Читаем The Cat Who Had 14 Tales полностью

Not what you young people mean by that term! We were enjoying an old-fashioned courtship. Flappers were supposed to be cynical about love, but I was a hopeless romantic.

Now I’m losing the thread of my story . . . .

The gray cat was touching noses with the blind kitten.

Yes, such a poignant gesture! It was early October, and the days were getting cool. The leaves were falling, and I had an ominous feeling that it was the end of something. Paul had gone to Chicago on business for a few days, driving his automobile instead of taking the train. I watched him chug away in his Model T, and I felt very lonely.

At the same time it appeared to me that Prince Charming had stopped visiting the Princess. While working at my drawing board I kept glancing out the window, and for several days there was no sign of a meeting between the two. She sat on the concrete ledge, waiting and waiting, and I knew she missed him.

Then one day . . . the Princess herself disappeared! She was not in her accustomed place and nowhere else in sight. My eyes kept straying over to that bleak concrete landscape, searching for that ball of white fluff. She was so very white! After work I walked around and around the Canyon, hoping to catch a glimpse of her—somewhere. What could have happened?

The next morning I kept an eye on the Canyon from my office window until the nurse lumbered off the streetcar with her two large carrying bags. Then I flew down the stairs and across the street, dodging recklessly through the traffic and signaling her to wait for me.

“You know the little white cat,” I cried, all out of breath. The one that’s blind. Where is she? I can’t find her!”

“Oh, that one,” the nurse said, nodding. “She’s dead. I buried her yesterday.”

The tears came to my eyes. “Oh, no, no!” I said. “What happened to her?”

“She ate some of the wrong weeds,” the nurse said. “Some of the weeds are poison, and the cats know enough to leave them alone.”

“But she couldn’t see them,” I wailed. “She couldn’t tell they were poisonous!”

She knew,” the nurse said. “She knew what they were. They all know. It’s instinct.”

I returned to my office and wept—until the art director told me to go home. Later that evening I was still moping around my apartment when the telephone rang. It was Paul! He had arrived home safely; the trip had been a success; he had missed me very much. Then, before I could report my sad news, he related an amazing incident.

On the day he left for Chicago he had been driving for some time when his automobile boiled over. They were always boiling over, you know. He stopped to pour water in the radiator, and while he was removing the radiator cap he heard some pitiful crying. He lifted the hood, and a gray cat leaped out and ran into some bushes. Paul searched for a while and couldn’t find him, but he was sure it was Prince Charming from the Canyon. He had climbed up under the hood to keep warm when the Model T was parked in front of Paul’s office.

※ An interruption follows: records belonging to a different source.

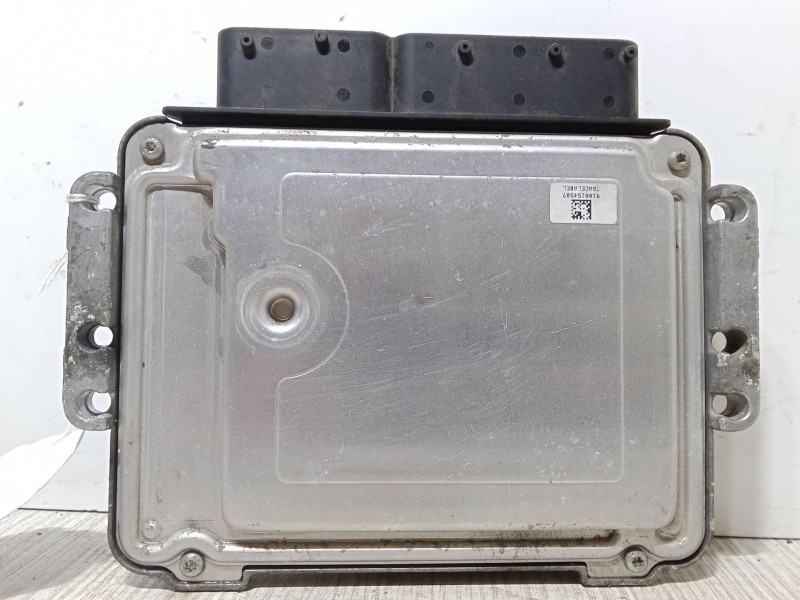 Recambio de centralita motor uce para hyundai accent iii sedán (mc) 1.5 crdi gls referencia OEM IAM 0281012768 39101-2A410 60MC4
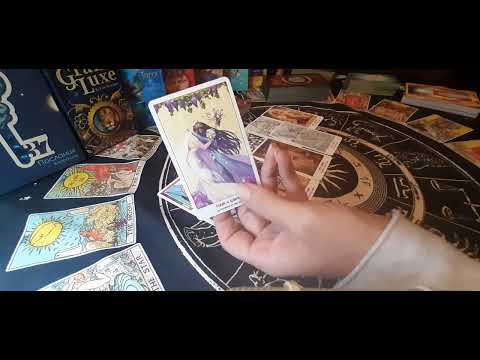 Видео: Мисли ли той за теб? Какво го притеснява? За какво съжалява?💥💕🎯#tarot #taro #таро #тароонлайн 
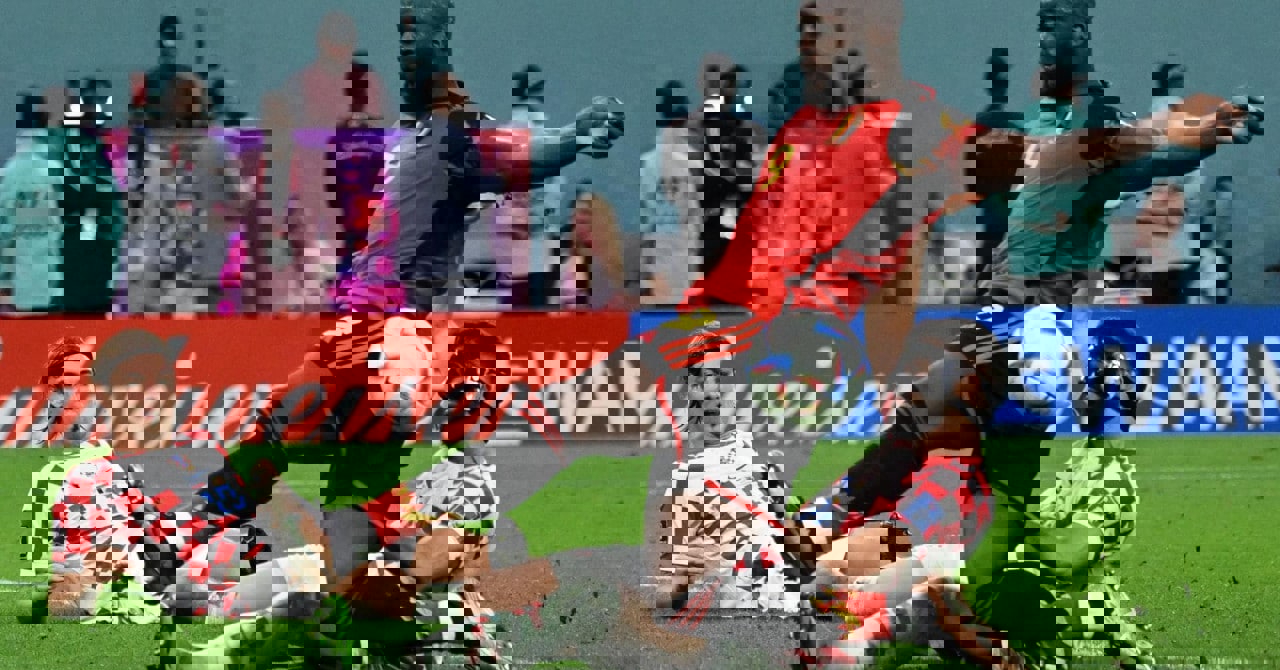 1773885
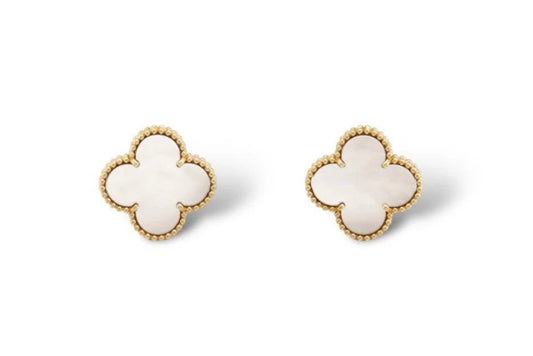 Pearlaire White Earrings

But you couldn’t be sure, could you? There are lots of gray cats.

Wait till you hear the rest of my story, my dear . . . . The next day Paul and I met at the viewing fence at noon. The nurse was making her rounds. Some of the cats were climbing out of the excavation to beg scraps from lunch-boxes. And down below, a gray cat was hobbling across the battlefield.

“There he is!” I shouted. Oh, he was a pathetic sight—skinny and dirty—with one ragged ear, and blood caked on his fur. He walked painfully, stopping every few steps and lifting one sore paw. He was headed for the Motley side of the Canyon.

“He must have walked all the way back downtown!” I said. “Miles and miles! How did he do it? He looks starved, and you can tell he’s had some terrible experiences. Has the nurse noticed him? Could she do anything for him?”

Paul said: “I wonder if he burned his feet under the hood of the automobile . . . . Look at him! Where is he going?”

He was looking for the Princess, of course. The battered animal wandered unsteadily toward the ledge where they used to meet. Then he turned away and started climbing up to street level, with great difficulty. I started toward him.

“Don’t touch him,” Paul said. “He’s going over to the alley behind the restaurants. After he gets some food, he’ll give himself a bath. A cat’s tongue is his best medicine.”

As the injured cat limped into the street behind us, I made an announcement: “I’m not coming to the viewing fence anymore,” I said. “I’m too sentimental. I get emotionally involved. And I’m going to ask the art director to move my drawing board to another—”

I was interrupted by screeching tires on the pavement behind us, then the cries of pedestrians. We turned to look. Someone was running toward the fence, shouting, “Nurse! Nurse!”